--- Dataset content Enclosed Below ---

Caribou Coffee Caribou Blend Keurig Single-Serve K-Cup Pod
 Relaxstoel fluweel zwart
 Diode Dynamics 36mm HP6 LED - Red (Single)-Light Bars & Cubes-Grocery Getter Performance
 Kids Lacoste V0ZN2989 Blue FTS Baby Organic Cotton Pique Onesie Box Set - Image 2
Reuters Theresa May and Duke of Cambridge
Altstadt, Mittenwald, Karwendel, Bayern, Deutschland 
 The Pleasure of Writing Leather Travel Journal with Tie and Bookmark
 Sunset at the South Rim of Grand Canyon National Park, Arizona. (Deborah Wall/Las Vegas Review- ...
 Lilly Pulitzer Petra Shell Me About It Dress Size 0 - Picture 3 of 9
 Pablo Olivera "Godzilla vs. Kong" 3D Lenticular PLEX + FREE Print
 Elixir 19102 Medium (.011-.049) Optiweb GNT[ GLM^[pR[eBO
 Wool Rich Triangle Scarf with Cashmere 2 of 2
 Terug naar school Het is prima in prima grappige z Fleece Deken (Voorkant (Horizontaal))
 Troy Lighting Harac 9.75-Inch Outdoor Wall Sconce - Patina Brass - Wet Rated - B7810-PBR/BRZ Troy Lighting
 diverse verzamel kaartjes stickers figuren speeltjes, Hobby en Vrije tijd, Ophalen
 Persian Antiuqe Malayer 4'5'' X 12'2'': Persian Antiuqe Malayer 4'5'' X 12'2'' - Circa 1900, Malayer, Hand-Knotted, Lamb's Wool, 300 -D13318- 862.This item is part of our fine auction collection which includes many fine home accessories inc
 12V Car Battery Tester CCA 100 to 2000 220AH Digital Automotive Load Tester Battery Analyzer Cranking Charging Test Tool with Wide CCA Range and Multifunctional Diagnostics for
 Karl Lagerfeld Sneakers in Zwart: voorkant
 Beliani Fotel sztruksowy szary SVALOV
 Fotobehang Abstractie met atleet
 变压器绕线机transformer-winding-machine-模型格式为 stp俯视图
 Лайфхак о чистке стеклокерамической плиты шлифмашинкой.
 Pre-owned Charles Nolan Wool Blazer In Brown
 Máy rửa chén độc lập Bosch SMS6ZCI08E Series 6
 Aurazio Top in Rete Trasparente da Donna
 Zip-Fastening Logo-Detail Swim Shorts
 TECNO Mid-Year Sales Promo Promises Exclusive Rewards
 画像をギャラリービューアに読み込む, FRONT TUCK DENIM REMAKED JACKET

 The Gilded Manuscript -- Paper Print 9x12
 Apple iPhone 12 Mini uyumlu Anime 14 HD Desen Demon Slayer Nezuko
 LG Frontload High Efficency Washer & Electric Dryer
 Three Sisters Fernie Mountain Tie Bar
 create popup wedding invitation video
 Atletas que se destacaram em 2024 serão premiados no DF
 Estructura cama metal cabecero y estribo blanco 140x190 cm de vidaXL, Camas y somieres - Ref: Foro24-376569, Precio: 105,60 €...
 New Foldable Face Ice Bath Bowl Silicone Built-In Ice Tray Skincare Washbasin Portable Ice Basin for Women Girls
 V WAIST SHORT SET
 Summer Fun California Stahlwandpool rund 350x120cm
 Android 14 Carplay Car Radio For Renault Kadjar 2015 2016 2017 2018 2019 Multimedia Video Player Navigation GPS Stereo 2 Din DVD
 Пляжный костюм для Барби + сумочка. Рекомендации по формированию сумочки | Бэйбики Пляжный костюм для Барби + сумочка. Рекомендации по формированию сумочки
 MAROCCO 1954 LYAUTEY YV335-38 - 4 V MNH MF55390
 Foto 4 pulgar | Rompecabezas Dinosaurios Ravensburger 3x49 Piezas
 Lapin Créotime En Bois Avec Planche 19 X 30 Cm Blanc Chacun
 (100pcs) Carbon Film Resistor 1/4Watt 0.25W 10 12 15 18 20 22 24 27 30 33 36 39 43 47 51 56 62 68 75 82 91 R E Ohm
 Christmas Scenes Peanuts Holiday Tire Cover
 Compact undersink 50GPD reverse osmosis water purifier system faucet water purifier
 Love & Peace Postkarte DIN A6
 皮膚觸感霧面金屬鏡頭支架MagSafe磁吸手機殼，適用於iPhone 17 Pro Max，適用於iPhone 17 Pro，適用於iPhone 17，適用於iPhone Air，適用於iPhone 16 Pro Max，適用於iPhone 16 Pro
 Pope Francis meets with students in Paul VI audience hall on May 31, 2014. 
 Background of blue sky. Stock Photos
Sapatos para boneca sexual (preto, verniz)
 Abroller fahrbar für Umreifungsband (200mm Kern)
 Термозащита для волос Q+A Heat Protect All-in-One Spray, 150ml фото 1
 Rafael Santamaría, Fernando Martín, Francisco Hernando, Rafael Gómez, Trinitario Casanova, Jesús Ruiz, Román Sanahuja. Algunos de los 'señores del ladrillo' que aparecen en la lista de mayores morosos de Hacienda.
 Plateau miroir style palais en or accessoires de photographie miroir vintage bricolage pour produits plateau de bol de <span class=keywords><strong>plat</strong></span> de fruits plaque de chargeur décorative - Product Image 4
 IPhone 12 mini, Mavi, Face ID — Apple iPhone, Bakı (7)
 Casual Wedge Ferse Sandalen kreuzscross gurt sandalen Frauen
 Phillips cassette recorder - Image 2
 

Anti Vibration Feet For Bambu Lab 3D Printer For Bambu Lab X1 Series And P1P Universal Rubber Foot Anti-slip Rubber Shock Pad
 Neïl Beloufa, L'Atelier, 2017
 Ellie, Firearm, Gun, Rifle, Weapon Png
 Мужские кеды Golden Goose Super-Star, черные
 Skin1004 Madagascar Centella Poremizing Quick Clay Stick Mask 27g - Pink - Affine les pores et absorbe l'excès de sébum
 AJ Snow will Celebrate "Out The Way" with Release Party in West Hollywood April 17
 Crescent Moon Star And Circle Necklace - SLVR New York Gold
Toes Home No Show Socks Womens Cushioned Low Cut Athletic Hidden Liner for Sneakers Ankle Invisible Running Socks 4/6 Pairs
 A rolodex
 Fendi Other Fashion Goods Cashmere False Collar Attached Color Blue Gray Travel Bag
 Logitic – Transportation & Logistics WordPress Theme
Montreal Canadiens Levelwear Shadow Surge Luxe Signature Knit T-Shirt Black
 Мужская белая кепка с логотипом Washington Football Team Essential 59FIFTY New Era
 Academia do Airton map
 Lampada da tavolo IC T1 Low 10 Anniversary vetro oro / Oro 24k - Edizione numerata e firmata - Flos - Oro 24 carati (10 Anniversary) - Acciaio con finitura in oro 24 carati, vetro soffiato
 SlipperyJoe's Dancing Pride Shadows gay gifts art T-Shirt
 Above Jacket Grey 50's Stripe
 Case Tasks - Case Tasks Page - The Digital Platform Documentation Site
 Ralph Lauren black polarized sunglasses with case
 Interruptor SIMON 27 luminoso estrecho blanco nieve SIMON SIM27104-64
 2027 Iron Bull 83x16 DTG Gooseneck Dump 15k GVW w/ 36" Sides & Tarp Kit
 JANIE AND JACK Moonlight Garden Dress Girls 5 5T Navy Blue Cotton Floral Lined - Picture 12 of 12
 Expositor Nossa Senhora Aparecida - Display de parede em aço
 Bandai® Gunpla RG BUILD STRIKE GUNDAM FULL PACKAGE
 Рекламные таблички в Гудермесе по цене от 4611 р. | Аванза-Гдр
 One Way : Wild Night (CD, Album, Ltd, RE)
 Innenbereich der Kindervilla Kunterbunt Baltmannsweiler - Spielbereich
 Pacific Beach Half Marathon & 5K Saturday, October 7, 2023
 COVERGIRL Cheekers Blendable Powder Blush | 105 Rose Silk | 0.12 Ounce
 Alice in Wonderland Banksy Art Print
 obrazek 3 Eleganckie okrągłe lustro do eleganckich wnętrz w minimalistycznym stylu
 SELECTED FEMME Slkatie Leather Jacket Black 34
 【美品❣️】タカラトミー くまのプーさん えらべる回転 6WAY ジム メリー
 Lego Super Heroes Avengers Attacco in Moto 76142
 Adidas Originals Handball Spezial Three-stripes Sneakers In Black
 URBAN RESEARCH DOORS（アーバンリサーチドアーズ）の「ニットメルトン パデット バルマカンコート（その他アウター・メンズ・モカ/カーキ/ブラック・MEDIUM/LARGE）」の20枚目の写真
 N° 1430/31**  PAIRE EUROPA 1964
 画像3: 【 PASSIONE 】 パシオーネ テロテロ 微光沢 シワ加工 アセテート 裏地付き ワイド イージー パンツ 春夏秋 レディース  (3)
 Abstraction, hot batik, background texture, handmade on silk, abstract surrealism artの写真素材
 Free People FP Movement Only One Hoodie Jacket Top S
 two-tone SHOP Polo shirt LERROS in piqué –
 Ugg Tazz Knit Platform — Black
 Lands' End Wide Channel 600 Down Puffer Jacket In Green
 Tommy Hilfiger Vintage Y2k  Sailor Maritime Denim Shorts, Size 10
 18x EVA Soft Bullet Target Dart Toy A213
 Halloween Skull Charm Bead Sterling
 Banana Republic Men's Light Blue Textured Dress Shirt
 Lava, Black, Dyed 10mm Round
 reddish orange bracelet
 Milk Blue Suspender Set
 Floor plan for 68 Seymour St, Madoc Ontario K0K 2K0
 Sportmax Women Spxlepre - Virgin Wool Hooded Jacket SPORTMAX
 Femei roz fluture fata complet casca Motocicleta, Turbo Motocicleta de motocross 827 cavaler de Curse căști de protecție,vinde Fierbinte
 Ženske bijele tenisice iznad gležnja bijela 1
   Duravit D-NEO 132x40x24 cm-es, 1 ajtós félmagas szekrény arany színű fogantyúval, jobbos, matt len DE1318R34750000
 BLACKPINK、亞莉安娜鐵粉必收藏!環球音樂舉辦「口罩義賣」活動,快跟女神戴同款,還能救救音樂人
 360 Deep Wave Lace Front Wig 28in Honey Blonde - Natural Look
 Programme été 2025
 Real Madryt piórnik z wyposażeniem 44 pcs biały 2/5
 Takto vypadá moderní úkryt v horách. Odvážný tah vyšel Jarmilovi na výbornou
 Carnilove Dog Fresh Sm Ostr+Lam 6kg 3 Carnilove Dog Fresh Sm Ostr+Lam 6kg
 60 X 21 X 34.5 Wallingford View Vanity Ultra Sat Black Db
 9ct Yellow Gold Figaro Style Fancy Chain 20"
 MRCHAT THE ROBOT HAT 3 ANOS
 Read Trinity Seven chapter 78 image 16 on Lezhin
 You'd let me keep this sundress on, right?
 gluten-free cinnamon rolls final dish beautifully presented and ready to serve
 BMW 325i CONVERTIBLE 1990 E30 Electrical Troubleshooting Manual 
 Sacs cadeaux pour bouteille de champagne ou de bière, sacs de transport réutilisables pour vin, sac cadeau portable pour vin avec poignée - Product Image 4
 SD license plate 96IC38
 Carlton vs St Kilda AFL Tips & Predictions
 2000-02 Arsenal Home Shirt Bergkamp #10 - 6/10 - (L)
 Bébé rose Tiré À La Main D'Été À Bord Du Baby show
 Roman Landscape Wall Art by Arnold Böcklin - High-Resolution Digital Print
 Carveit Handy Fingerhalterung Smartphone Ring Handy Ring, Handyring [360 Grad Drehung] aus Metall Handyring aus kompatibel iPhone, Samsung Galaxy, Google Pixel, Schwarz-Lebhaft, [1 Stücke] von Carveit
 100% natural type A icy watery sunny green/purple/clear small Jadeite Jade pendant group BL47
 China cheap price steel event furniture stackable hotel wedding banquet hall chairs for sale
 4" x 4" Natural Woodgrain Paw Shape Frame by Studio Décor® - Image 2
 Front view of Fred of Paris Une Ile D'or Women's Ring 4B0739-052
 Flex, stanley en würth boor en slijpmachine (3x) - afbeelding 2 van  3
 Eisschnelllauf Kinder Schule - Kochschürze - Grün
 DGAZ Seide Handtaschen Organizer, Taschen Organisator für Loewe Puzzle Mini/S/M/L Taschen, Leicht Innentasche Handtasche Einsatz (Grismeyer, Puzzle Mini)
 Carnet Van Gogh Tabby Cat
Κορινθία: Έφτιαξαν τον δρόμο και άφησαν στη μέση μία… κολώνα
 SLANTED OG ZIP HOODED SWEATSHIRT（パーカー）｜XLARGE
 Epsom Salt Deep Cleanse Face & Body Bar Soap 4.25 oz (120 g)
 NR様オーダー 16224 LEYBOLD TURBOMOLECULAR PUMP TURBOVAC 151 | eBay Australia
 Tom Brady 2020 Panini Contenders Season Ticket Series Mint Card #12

--- End of Enclosed Dataset content ---

What you give back should be exactly the lines of the data above from the line with "create popup wedding invitation video" through the line with "Android 14 Carplay", both of those included, and nothing more.

## Response to the exercise
 create popup wedding invitation video
 Atletas que se destacaram em 2024 serão premiados no DF
 Estructura cama metal cabecero y estribo blanco 140x190 cm de vidaXL, Camas y somieres - Ref: Foro24-376569, Precio: 105,60 €...
 New Foldable Face Ice Bath Bowl Silicone Built-In Ice Tray Skincare Washbasin Portable Ice Basin for Women Girls
 V WAIST SHORT SET
 Summer Fun California Stahlwandpool rund 350x120cm
 Android 14 Carplay Car Radio For Renault Kadjar 2015 2016 2017 2018 2019 Multimedia Video Player Navigation GPS Stereo 2 Din DVD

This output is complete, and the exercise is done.